Chaque semaine, petits problèmes et grandes solutions: comment les vieux barbons de la philosophie viennent au secours du vacancier perdu.

C’était un de ces scoops microscopiques comme les aime tant le monde de la philosophie. Au milieu des années 70, Gilles Deleuze, grande figure de la pensée révolutionnaire, émancipatrice, nouvelle, confessait éprouver un grand intérêt pour le surf. L’auteur de L’anti-OEdipe ou de Différence et répétition y trouvait quelque chose qui rappelait sa propre philosophie: une manière de privilégier la surface sur le fond -mais aussi une sorte de mouvement créé par le milieu même dans lequel on évolue.

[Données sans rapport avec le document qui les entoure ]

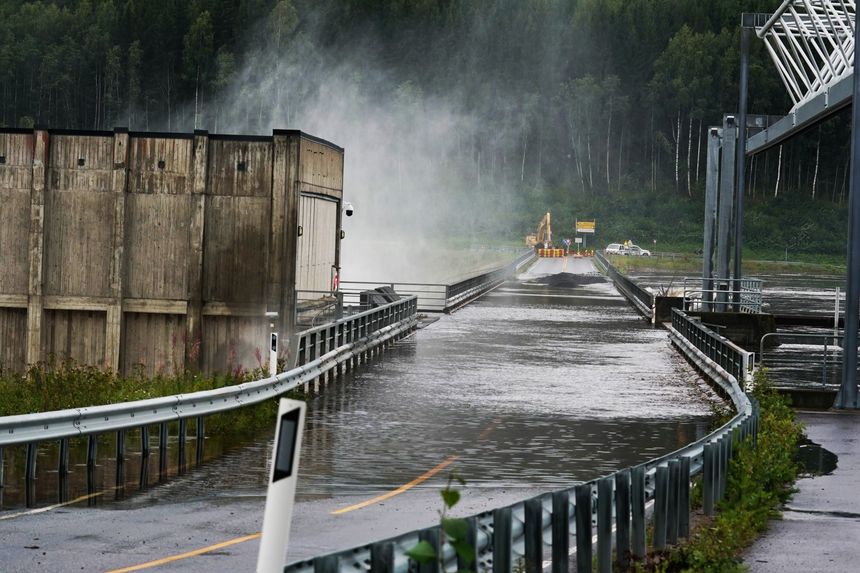 Demningen i Braskereidfoss kollapset i går fordi den ene luken satt fast og vannmengden kunne derfor ikke reguleres. Foto: Eirik Urke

Avec le surf, il ne s’agit pas seulement de sport. Il s’agit de faire l’expérience de ce que le monde est avant tout un espace qui porte celui qui y évolue -et qui n’y évolue que pour autant qu’il développe une virtuosité dans son rapport à cette capacité à porter. Au contraire de ce sur quoi une grande partie de la tradition philosophique avait insisté (et pas mal d’éditorialistes encore aujourd’hui), la profondeur n’est pas le signe d’une réussite, mais celle d’un échec. Celui qui se perd dans les profondeurs est en train de couler. Point.

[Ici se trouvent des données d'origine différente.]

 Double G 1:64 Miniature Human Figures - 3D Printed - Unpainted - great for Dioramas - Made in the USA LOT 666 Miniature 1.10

C’est à la surface des choses que se passe ce qui compte, à fleur de vague, au milieu de l’écume, dans la course-poursuite qui oppose le surfeur à un rouleau. Cela signifie que surfer est la bonne manière d’habiter le monde, et non pas une forme un peu veule ou un peu paresseuse, qui s’opposerait à une autre, plus authentique. Le surfeur virtuose est celui qui, parce qu’il reste à la juste distance du monde, dans un juste rapport avec sa surface, met le monde lui-même à contribution pour le faire avancer -et même plus vite qu’il ne le pourrait par ses propres moyens.

Pour le surfeur, le monde est un accélérateur. Ou plutôt: il est un accélérateur lorsqu’il est lui-même en mouvement -parce qu’en cas de calme plat, même le planchiste le plus expérimenté finit par couler. Et puis, avouons-le: ça donne des photos de vacances plutôt cools.